Poll finds some optimism on the economy in MinnesotaMinnesota residents are feeling a little more optimistic about the economy and their own personal finances than they did last fall, according to the latest Star Tribune Minnesota Poll.
By: Associated Press,
MINNEAPOLIS — Minnesota residents are feeling a little more optimistic about the economy and their own personal finances than they did last fall, according to the latest Star Tribune Minnesota Poll.
The newspaper reported today that 16 percent of those surveyed thought their family's financial situation would get worse in the next year. That's lower than last fall, when a quarter of respondents said they thought it would.
Nearly one-third of those surveyed expect their financial situations to improve over the next 12 months. Last fall, 27 percent of respondents felt that way.
The Star Tribune poll of 1,000 Minnesota adults was conducted Sept. 21-24 and has a margin of sampling error of plus or minus 4.1 percentage points.
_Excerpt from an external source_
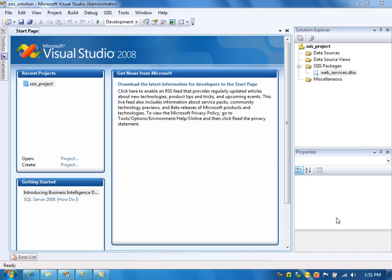In this video, I am going to talk about how to retrieve data from web services using the script task. In the previous video, I have shown how to retrieve the data using the inbuilt SSIS web services task. But in this video, we are going to write the C-sharp code to get the data from web services.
Count Larry Fronczak and Jeff Whitman among the optimists. It wasn't long ago that Fronczak didn't bother opening his retirement statements. But now, "I don't feel as pessimistic about the financial situation," said the 62-year-old retired special education teacher.
Whitman said he sees signs of recovery at the software company where he works. "We're already seeing companies loosening the purse strings a little," said the 41-year-old Minneapolis man.
While the share of optimists is growing, they are still in the minority.
"I don't think the economy has hit rock bottom yet. ... People are still losing their jobs, housing hasn't really made a big comeback," said Anita Svec, 52, of Scandia, who has been unemployed for two years.
Svec said she's lost count of the number of job applications she's filled out. "The job market is completely dry," she said. "It's like a desert out there."
The national unemployment rate hit 9.7 percent in August; Minnesota's was 8.0 percent.
Kara Scheck, a stay-at-home mother from Delano, said that although her husband is still working, she suspects her family will experience a lower standard of living in the next 12 months.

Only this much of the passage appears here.